Under the name 'Bert', Brecht teamed up with director Fritz Lang to craft this cunning and ultimately suspenseful tale that borders more than consciously on propaganda, but for all the right reasons considering the period. It wasn't a period piece but something urgent of the time and place- not to mention a stark battle cry from Lang, who fled Germany in 1934 following a calling from Goebbels to become the propaganda filmmaker of the 30s- and it stands still as one of those under-seen pieces where loyalties and betrayals and double-crosses and vendettas are all abound, and the truth is something tricky and twisty on either side.

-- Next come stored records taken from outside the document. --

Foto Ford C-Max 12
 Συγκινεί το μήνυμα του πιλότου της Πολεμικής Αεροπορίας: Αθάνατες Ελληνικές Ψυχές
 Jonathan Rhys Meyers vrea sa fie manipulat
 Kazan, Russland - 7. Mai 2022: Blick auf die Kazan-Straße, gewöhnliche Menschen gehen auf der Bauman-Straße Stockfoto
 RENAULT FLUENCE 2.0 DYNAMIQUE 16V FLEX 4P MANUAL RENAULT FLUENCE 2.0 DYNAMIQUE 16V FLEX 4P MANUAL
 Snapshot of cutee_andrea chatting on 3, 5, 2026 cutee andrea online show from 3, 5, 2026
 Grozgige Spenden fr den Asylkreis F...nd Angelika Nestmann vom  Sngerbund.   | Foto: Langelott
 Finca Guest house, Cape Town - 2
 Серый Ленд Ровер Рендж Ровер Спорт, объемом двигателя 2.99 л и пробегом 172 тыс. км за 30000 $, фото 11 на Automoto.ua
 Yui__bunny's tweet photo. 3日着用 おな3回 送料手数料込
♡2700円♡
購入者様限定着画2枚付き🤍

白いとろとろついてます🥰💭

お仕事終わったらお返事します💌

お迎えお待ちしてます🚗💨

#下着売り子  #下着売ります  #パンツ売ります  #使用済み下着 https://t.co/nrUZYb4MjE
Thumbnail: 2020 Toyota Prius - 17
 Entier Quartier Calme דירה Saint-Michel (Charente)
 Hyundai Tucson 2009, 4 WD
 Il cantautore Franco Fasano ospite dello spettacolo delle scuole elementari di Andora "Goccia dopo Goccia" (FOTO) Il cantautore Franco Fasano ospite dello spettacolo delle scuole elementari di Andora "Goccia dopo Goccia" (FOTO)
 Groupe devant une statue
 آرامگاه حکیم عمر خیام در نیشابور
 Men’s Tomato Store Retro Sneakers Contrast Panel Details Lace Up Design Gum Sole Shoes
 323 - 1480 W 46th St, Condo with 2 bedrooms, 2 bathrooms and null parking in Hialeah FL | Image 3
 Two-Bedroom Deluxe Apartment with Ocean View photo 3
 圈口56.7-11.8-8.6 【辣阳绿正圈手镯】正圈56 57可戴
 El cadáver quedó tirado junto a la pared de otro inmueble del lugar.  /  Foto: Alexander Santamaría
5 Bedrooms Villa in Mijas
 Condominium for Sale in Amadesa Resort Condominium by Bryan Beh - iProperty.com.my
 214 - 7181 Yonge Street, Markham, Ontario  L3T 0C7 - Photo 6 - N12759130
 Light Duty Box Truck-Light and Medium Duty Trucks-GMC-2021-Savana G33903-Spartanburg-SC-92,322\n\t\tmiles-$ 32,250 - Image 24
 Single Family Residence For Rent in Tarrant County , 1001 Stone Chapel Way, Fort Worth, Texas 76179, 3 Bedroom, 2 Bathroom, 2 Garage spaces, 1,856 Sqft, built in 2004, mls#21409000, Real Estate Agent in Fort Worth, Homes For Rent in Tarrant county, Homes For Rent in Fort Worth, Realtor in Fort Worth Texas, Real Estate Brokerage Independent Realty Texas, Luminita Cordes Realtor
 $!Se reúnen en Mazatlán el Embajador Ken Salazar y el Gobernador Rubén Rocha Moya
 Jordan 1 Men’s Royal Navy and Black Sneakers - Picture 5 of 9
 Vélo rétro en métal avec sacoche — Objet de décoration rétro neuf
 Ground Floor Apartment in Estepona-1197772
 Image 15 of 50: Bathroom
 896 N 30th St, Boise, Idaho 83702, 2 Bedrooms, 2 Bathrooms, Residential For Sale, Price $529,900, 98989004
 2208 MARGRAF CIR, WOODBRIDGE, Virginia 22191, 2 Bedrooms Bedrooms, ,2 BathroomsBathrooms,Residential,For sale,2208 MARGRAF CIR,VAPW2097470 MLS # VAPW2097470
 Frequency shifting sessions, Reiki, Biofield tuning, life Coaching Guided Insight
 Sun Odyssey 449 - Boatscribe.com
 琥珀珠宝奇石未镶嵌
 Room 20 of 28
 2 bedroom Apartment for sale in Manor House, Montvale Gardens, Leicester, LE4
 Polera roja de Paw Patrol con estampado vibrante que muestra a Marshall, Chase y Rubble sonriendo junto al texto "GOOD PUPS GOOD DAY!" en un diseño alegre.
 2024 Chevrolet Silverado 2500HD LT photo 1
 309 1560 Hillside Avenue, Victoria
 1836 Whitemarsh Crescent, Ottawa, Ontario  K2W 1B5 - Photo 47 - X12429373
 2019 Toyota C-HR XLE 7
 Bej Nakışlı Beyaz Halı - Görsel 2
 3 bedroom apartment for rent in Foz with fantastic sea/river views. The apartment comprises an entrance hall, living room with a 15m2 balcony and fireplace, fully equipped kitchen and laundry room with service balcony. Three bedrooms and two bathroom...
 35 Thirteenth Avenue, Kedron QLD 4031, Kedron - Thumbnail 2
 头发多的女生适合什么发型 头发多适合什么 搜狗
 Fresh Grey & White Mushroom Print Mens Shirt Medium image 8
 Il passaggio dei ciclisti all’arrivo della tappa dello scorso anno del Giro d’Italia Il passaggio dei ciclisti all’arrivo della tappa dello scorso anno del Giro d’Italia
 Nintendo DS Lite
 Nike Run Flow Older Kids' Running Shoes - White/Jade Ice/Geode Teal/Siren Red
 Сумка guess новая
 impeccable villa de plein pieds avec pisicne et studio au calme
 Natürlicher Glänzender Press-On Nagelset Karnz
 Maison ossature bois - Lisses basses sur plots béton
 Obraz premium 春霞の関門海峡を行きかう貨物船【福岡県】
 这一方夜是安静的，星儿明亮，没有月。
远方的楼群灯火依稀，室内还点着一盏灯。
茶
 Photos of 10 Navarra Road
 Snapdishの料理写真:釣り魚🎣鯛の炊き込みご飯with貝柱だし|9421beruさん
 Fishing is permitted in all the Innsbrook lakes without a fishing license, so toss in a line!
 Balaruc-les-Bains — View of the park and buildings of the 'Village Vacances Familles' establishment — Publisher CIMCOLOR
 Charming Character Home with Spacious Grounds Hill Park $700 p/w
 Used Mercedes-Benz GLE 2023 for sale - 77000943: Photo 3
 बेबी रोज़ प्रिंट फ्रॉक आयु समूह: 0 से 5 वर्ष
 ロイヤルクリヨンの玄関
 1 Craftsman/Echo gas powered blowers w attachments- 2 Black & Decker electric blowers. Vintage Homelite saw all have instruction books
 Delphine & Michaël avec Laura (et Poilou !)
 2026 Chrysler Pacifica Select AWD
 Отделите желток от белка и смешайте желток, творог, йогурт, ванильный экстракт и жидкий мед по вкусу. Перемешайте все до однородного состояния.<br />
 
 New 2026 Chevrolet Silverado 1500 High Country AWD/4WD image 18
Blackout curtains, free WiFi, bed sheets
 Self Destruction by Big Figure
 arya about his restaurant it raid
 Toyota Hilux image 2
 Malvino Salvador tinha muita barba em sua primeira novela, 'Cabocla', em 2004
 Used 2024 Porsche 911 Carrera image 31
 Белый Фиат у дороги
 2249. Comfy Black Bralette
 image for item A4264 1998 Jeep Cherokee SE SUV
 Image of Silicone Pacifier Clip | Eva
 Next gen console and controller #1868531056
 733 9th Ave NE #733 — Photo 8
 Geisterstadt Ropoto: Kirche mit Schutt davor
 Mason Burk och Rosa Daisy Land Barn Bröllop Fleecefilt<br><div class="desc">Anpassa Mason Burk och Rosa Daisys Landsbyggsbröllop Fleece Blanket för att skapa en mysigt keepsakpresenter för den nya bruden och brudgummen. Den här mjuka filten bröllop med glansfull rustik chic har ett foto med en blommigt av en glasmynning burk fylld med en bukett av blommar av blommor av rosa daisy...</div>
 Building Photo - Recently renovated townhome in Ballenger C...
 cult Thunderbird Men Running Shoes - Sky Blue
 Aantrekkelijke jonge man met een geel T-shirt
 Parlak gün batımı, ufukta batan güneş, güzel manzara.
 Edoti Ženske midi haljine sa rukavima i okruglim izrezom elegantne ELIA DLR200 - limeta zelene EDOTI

The main plot concerns the dramatized story of Reinhard Heydrich, the "hangman", who is then put on by the Nazis as a figure of the past to haunt the Czech people: the assassin MUST be found. The assassin is Dr. Franticek Svoboda, aka Karel Vanek, who may also have another alias, and is well played by Donelvy, who hides with a Czech professor (Brennan) via a chance meeting weeks before with Nasha (Anna). Once he escapes following a curfew that night, many people are rounded up- hundreds- to be executed by the Nazis if the assassin isn't taken in. Anna's family is questioned, her father on the list of those to soon be killed, but what of Svoboda (and the resistance, or the cruel Nazis at the gestapo for that matter)? I
t's a typical Langian procedural in the very tense and exacting sense, and it's a lot of tense fun and there's always a sense of danger with how the characters cross one another in one scene to the next (I loved when Vanek comes back to Anna after the first night, she's mad at him, but this is right after she's been questioned by cruel Gruber, performed by Granach as half caricature and half power-hungry monster, and there is a wire to her apartment, only to have him feed her lines through index cards).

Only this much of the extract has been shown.